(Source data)

----------

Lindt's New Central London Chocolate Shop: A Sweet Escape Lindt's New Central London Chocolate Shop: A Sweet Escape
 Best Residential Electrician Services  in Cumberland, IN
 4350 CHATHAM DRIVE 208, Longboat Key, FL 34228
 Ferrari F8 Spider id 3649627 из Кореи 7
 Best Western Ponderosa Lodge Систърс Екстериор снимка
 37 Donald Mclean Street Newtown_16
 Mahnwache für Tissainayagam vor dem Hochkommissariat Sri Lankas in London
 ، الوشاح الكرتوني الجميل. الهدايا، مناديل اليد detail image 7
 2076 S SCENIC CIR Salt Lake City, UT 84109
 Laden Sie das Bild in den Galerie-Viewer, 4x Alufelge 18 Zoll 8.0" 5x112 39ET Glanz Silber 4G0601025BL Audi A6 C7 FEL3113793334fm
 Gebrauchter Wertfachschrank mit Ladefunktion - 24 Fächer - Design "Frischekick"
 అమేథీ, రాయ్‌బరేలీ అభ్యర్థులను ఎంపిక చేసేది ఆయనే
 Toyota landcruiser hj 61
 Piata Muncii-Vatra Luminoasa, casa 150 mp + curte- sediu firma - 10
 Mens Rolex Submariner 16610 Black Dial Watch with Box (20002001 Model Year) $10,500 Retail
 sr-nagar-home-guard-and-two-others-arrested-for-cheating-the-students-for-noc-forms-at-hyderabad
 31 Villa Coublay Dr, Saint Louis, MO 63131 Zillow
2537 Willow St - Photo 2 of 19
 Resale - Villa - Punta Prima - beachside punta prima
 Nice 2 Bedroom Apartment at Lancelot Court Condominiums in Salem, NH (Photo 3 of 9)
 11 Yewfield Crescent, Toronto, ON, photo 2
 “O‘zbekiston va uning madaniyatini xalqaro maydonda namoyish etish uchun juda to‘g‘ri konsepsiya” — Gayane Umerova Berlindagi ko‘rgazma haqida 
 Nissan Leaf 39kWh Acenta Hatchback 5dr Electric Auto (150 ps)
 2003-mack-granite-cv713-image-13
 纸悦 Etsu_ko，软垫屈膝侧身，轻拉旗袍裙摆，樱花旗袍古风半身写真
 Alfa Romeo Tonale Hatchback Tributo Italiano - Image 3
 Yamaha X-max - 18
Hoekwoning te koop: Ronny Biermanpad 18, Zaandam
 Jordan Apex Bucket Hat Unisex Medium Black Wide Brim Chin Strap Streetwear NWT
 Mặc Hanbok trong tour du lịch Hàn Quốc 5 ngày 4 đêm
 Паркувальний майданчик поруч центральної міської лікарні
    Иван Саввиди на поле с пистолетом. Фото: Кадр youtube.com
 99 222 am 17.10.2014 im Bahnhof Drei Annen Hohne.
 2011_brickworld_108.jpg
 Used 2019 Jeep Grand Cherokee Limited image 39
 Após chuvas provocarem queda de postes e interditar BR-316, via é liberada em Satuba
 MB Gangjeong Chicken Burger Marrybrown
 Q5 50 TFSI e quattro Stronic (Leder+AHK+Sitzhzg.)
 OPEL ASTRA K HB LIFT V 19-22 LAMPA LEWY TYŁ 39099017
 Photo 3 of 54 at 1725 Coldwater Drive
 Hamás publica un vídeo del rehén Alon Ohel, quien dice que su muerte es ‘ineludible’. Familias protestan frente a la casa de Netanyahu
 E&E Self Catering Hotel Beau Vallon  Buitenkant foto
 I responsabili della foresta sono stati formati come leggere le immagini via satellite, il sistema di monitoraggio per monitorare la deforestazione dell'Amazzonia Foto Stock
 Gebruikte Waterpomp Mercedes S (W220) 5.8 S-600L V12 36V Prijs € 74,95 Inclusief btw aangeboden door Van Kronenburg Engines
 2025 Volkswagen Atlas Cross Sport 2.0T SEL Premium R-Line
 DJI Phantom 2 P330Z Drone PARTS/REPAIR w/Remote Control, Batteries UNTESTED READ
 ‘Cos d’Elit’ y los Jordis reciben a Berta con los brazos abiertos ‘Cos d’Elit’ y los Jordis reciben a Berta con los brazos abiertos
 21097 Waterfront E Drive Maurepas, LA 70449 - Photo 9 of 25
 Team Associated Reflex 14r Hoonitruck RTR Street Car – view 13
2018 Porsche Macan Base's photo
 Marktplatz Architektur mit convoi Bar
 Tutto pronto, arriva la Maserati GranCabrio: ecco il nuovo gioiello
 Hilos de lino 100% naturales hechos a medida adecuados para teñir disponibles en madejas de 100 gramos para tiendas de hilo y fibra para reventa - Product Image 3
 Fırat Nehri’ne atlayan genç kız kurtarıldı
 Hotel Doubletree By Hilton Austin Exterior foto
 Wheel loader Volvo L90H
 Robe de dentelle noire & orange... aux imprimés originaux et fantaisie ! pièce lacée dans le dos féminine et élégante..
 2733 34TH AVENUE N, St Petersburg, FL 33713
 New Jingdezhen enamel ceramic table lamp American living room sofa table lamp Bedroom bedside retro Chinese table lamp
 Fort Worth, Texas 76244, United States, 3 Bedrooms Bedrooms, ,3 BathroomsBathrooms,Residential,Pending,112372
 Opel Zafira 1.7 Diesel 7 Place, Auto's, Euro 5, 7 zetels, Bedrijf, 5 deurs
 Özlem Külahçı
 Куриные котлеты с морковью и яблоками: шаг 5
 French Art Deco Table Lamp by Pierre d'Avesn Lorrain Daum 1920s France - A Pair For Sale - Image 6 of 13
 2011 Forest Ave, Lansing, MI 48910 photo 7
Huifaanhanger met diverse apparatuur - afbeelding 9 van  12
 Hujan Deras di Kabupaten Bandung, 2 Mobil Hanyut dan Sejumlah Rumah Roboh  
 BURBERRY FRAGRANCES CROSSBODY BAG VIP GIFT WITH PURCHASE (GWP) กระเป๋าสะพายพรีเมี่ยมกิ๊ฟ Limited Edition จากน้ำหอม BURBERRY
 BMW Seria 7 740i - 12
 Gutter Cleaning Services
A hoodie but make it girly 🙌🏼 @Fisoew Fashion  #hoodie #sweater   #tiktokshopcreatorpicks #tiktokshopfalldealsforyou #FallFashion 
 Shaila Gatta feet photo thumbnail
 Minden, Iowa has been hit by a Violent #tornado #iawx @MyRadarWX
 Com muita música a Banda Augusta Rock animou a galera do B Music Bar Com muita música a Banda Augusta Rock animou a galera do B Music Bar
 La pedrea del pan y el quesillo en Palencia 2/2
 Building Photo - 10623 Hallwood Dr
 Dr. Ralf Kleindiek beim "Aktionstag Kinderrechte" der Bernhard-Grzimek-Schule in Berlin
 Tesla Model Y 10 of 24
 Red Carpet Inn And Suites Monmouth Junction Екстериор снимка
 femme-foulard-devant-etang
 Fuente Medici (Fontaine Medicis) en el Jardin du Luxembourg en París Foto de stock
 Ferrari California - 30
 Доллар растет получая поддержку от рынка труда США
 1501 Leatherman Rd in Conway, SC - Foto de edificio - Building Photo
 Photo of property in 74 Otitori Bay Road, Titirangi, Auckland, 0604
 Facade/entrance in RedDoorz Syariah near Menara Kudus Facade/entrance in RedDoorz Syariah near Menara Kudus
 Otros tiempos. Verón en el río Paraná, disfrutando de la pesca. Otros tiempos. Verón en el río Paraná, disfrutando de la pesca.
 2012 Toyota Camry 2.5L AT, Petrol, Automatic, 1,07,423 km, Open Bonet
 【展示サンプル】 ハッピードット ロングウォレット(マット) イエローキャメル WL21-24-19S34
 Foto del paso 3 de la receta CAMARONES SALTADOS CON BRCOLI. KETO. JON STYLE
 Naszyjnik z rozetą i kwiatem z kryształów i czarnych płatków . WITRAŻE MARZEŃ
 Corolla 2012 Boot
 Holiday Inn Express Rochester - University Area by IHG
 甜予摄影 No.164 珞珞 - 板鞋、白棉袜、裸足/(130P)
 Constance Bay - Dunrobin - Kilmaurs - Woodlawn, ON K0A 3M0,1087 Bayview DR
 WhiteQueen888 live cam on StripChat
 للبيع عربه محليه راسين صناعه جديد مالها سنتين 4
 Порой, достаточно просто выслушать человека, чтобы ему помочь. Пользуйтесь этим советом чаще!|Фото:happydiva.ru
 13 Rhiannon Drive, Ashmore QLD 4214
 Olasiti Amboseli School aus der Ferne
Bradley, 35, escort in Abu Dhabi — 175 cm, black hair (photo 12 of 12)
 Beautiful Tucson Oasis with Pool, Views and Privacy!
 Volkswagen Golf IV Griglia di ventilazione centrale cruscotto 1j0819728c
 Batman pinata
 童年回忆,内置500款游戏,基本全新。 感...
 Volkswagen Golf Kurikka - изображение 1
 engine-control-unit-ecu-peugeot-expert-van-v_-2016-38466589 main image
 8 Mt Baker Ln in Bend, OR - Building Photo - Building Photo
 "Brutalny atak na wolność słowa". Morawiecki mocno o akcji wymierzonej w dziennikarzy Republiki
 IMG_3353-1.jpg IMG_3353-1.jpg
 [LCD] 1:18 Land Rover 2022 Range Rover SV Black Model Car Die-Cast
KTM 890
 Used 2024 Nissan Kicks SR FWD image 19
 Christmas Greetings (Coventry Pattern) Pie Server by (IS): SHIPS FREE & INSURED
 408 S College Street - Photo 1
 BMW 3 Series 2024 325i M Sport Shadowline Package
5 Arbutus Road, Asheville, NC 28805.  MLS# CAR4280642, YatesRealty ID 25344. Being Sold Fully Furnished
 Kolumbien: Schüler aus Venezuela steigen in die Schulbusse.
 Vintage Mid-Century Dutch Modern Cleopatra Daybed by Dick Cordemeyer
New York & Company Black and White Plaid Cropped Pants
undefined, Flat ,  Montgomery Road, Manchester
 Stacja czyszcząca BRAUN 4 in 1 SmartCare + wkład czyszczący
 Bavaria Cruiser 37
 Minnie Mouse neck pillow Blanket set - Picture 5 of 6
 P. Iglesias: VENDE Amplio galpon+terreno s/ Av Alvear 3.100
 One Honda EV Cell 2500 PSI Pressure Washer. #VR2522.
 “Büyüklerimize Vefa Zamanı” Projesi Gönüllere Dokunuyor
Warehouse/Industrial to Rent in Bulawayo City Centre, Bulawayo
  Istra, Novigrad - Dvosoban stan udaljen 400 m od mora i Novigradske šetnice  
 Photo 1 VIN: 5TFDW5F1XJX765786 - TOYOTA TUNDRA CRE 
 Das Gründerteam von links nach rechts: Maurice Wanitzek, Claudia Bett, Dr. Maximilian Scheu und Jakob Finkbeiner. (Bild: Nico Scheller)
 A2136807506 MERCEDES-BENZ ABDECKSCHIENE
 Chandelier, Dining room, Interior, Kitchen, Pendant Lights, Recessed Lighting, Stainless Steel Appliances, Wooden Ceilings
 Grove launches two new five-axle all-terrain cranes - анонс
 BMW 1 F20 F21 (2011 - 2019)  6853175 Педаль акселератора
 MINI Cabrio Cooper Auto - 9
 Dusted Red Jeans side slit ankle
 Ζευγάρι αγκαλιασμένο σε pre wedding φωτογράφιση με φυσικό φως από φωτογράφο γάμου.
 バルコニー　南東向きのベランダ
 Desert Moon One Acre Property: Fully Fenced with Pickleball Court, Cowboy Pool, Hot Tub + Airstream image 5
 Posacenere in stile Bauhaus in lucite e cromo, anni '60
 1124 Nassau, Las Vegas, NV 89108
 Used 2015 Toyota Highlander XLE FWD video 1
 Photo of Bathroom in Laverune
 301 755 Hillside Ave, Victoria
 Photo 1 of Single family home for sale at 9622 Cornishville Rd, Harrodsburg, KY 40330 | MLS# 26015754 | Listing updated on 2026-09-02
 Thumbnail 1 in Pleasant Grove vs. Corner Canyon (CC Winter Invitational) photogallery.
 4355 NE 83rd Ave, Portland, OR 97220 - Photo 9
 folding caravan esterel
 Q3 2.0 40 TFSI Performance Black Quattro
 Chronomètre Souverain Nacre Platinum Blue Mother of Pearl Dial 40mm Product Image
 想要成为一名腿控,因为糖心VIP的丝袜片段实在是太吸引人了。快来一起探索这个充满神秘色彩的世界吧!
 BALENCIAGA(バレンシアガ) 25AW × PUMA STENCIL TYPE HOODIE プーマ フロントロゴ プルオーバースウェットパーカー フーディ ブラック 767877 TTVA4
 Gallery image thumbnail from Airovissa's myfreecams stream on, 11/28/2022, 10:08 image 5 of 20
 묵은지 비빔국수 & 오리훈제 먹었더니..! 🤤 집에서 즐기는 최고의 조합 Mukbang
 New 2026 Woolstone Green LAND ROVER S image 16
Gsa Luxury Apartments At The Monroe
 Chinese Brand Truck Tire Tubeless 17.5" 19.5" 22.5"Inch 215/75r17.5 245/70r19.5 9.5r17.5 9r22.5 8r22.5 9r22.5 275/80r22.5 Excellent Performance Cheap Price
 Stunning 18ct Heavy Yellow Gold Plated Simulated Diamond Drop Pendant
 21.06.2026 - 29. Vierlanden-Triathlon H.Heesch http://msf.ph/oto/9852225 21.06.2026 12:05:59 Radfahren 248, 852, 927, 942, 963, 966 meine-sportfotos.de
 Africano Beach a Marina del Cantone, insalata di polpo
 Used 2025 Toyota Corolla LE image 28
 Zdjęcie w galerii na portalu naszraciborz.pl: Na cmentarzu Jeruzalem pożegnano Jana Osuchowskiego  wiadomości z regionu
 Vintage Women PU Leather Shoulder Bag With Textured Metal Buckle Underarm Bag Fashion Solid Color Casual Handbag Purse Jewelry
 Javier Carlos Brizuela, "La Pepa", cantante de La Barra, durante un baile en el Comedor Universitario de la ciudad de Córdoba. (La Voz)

----------

■ Problem to solve
What lines in the records above include the string "Residential"? Copy each one.

■ Expected output
 Best Residential Electrician Services  in Cumberland, IN
 Fort Worth, Texas 76244, United States, 3 Bedrooms Bedrooms, ,3 BathroomsBathrooms,Residential,Pending,112372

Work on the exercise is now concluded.